Photo credit: Paola Salgado.
By Elizabeth Labiner
Paula Ugalde grew up in northern Chile, in an archaeologically rich region near the borders of Peru and Bolivia. While at the Universidad de Chile in Santiago, Ugalde found herself studying archaeology in part because the field was an avenue through which she combined her passion for history and her love of the outdoors. As an archaeologist, she soon discovered the importance of anthropology and philosophy in her work. She felt this was perfect for her, however, because she has always had wide and varied interests. “I always felt drawn to many different areas of study,” she says, “and it sometimes even made me envy the people who had just one clear focus. But with archaeology, I’m able to encompass so many elements in one pursuit.”
After earning her undergraduate degree, Ugalde worked as a research assistant in Arica, Chile, for seven years. “That research group was like a family,” Ugalde reflects, “and we all had different disciplines. Archaeology is really about studying humans, and when you study humanity you can study art or science or politics; you can study all this and more through archaeology.” In addition, she also learned during this time to study landscapes, ecology, and climate as part of her archaeological work.
Ugalde was drawn to the doctoral program in anthropology at UA largely because of its interdisciplinarity, particularly in conjunction with the geosciences program. “I’ve always liked interdisciplinary approaches, because I think that reality is so layered and complex that studying reality from only one perspective is very biased,” she explains. “My work is like a hinge, connecting anthropology and geosciences through archaeology.”
Ugalde focuses on the early movements and settlements of humans in Chile through these various lenses, attempting to reconstruct human society, thoughts, and processes through what people left behind, as well as enhancing these findings through studying the rocks and sediments in which artifacts are found. The Atacama Desert was essentially an empty landscape at the time of the arrival of the first humans, Ugalde says, and they had to work to turn this harsh environment into home and to fill the landscape with names and meanings.
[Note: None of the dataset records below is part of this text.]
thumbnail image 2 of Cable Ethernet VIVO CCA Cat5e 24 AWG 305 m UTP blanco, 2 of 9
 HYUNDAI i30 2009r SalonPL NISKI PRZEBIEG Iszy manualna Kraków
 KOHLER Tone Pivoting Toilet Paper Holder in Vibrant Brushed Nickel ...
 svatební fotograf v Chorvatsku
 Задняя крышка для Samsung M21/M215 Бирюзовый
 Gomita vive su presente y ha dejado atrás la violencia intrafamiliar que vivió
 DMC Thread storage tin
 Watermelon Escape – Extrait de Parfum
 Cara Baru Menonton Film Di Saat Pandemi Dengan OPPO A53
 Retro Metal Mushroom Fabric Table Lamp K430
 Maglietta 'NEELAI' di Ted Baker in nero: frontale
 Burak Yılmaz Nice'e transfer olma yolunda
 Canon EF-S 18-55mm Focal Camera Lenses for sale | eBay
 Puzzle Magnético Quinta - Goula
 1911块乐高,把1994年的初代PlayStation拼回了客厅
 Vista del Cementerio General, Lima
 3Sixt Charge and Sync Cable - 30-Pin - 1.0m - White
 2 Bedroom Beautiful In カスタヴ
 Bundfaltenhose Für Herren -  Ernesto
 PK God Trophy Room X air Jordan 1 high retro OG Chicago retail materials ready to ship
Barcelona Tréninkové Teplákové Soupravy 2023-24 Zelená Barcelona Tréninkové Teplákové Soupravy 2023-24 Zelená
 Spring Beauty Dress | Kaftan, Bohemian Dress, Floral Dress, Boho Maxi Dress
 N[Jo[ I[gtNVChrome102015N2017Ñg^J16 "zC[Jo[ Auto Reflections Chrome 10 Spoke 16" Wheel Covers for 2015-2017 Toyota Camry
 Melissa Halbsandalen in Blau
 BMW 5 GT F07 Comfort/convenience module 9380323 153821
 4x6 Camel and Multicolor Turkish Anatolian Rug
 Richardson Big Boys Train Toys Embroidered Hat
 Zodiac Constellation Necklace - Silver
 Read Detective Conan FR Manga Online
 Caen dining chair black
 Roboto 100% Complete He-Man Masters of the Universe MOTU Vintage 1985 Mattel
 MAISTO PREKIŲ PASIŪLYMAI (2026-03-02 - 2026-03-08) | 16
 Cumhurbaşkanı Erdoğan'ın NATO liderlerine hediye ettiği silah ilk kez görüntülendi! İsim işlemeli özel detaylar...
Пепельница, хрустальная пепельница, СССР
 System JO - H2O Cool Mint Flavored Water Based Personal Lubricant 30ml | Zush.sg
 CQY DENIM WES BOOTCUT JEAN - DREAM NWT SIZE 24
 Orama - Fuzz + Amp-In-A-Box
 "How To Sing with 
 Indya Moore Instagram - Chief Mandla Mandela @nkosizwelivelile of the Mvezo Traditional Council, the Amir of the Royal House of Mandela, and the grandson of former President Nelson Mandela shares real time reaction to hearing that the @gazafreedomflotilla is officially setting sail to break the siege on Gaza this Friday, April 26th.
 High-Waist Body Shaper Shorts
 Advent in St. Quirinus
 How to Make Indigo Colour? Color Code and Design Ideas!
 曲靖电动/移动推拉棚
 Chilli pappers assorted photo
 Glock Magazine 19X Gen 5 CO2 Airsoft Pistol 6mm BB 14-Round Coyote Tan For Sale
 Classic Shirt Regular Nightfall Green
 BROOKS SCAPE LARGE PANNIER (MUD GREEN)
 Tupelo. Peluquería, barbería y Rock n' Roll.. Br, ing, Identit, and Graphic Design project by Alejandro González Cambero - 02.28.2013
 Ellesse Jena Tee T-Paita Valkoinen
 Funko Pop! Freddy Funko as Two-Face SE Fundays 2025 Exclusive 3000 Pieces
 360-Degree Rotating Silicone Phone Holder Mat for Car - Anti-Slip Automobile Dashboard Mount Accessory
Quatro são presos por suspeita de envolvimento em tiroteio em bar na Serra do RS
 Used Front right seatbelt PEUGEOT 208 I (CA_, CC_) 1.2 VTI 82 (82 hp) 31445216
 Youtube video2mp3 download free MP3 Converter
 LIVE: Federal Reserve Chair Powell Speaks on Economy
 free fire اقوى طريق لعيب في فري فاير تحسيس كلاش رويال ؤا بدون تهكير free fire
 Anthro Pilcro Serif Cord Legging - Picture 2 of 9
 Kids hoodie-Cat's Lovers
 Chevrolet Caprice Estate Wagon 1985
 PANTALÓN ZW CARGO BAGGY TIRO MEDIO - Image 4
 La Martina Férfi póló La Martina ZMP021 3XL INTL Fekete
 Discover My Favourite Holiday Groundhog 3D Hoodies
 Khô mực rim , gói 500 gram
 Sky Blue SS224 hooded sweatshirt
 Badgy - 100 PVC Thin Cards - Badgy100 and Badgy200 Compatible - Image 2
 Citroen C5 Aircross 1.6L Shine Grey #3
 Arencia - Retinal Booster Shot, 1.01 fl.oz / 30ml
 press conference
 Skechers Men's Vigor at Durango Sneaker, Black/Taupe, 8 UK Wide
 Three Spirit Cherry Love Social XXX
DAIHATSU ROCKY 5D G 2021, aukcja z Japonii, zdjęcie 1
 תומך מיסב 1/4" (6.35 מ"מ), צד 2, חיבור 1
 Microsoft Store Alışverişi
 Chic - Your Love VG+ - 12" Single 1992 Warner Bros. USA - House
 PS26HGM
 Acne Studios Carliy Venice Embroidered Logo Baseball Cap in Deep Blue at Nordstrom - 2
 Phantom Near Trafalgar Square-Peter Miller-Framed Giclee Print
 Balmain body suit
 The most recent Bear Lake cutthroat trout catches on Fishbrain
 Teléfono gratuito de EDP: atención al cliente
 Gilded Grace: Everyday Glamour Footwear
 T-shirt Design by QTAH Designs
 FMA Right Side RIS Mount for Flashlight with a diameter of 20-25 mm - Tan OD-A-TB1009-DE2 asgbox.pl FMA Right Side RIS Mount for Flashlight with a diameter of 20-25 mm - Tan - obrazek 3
There are six main archaeological sites on which Ugalde and her colleagues work in the Atacama Desert; the sites came as something of a surprise, as they contradicted the assumption that the desert was too dry to have supported life. Their exciting findings are the subject of a documentary, Agua y Arena: Una Travesía por el Desierto de Atacama. Watch the trailer, which features Ugalde: https://www.youtube.com/watch?v=gM84J8oj0jg&feature=share
Ugalde hopes that her work in the past will positively impact the present:
I have big dreams that archaeology will teach people today that people of the past were very similar to us in many aspects, that they had different ways of thinking and seeing the world but that those views were as valid as ours. Through that, I’d like to teach about tolerance and respect for other societies and peoples today. There is a problem of “otherizing” people, of categorizing people as immoral or inferior because they’re different from us, because they have different practices, religions, or cosmologies, or even just look different. This is a problem that brings about violence and hatred, even within a shared society. I hope that if I can show that humans have always had a history of migration and mixing of populations, we can forge a stronger shared human narrative today.